Referring to the PS 302, each of the processing units includes one or more central processing units (CPUs) and associated circuits, such as memories, interrupt controllers, direct memory access (DMA) controllers, memory management units (MMUs), floating point units (FPUs), and the like. The interconnect 316 includes various switches, busses, communication links, and the like configured to interconnect the processing units, as well as interconnect the other components in the PS 302 to the processing units.

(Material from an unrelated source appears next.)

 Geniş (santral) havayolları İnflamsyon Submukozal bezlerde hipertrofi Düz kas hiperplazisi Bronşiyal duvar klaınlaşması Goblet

The OCM 314 includes one or more RAM modules, which can be distributed throughout the PS 302. For example, the OCM 314 can include battery backed RAM (BBRAM), tightly coupled memory (TCM), and the like. The memory controller 310 can include a DRAM interface for accessing external DRAM. The peripherals 308, 315 can include one or more components that provide an interface to the PS 302. For example, the peripherals can include a graphics processing unit (GPU), a display interface (e.g., DisplayPort, high-definition multimedia interface (HDMI) port, etc.), universal serial bus (USB) ports, Ethernet ports, universal asynchronous transceiver (UART) ports, serial peripheral interface (SPI) ports, general purpose (GPIO) ports, serial advanced technology attachment (SATA) ports, PCIe ports, and the like. The peripherals 315 can be coupled to the MIO 313. The peripherals 308 can be coupled to the transceivers 307. The transceivers 307 can include serializer/deserializer (SERDES) circuits, MGTs, and the like.
The processor subsystem 302 can include an interface (not shown) to directly connect with the programmable logic subsystem 303, bypassing the interconnect 316. Such an interface may be implemented, for example, using the AMBA AXI Protocol Specification (AXI) as published by ARM.
Though aspects and features may in some cases be described in individual figures, it will be appreciated that features from one figure can be combined with features of another figure even though the combination is not explicitly shown or explicitly described as a combination.
The circuits and methods are thought to be applicable to a variety of systems for capturing transitory error data. Other aspects and features will be apparent to those skilled in the art from consideration of the specification. The circuits and methods may be implemented as one or more processors configured to execute software, as an application specific integrated circuit (ASIC), or as a logic on a programmable logic device. It is intended that the specification and drawings be considered as examples only, with a true scope of the invention being indicated by the following claims.